An der neuen Schule wird er gemobbt. Einige Jugendliche haben sich zu einer Bande zusammengeschlossen, Anis hat sogar Angst, in der Schule aufs WC zu gehen. Seine Leistungen verschlechtern sich und er wird in die Sek B eingeteilt, fällt in ein Loch.

Anis sehnt sich nun nach seiner Familie in Tunesien. Die Mutter schreibt, er habe zu dieser Zeit das Haus nicht mehr oft verlassen und sei immer am Handy gewesen.

Gut ein Jahr vor der Tat beginnt er täglich zu beten. Laut seiner Mutter habe er jedoch nicht mal im Ramadan gefastet, nichts habe auf eine Radikalisierung hingewiesen. Doch Anis hat keine Freunde in der Schweiz, nur online. Er beschäftigt sich zuerst exzessiv mit Games und wendet sich dann islamistischen Inhalten zu.

Autismus-Verdacht

Auch als Kind hat Anis gemäss seiner Familie gezeigt, dass er sich intensiv mit etwas beschäftigen kann. Über Dinosaurier, Astronomie und den Zürcher ÖV-Fahrplan habe er alles gewusst, bis ins Detail.

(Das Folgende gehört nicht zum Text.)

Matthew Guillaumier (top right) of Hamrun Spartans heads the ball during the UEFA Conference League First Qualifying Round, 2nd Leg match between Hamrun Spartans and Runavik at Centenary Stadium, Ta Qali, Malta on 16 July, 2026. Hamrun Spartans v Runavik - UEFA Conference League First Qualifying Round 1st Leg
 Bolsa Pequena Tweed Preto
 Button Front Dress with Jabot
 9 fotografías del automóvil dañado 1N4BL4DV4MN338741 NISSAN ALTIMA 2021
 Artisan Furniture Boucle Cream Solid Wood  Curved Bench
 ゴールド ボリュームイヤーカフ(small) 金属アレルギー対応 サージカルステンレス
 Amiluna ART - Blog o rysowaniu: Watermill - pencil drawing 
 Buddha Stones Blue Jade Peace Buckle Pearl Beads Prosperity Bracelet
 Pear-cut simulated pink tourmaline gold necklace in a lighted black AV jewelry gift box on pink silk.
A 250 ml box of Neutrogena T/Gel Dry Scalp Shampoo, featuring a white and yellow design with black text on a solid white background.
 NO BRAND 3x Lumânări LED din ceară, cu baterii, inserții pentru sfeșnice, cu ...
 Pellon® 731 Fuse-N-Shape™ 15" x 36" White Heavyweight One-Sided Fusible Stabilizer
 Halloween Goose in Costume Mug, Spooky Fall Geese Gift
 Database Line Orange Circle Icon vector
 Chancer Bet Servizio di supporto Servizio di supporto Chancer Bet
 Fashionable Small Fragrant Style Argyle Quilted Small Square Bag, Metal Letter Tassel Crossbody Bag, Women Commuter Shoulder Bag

In den Monaten vor der Tat sollen sich bei Anis verstärkt «autistische Züge» gezeigt haben. Er sei in der Wohnung ständig hin und her gelaufen, schreibt seine Mutter. Sein Onkel nennt es eine «innere Unruhe».

Anis verhalte sich in der Öffentlichkeit, als wäre er allein, spreche mit lauter Stimme und grüsse niemanden, so die Mutter. Weiter habe er motorische Schwierigkeiten, könne sich nicht die Schuhe binden und habe Mühe, Brot zu schneiden. Darum konnte die Familie zunächst nicht glauben, dass er für das Attentat verantwortlich ist.

Schulpsychologisch wurde Anis nie abgeklärt. In Haft wird er nun forensisch psychiatrisch begutachtet. Er befindet sich in einer geschlossenen Einrichtung für Jugendliche.

(rbu)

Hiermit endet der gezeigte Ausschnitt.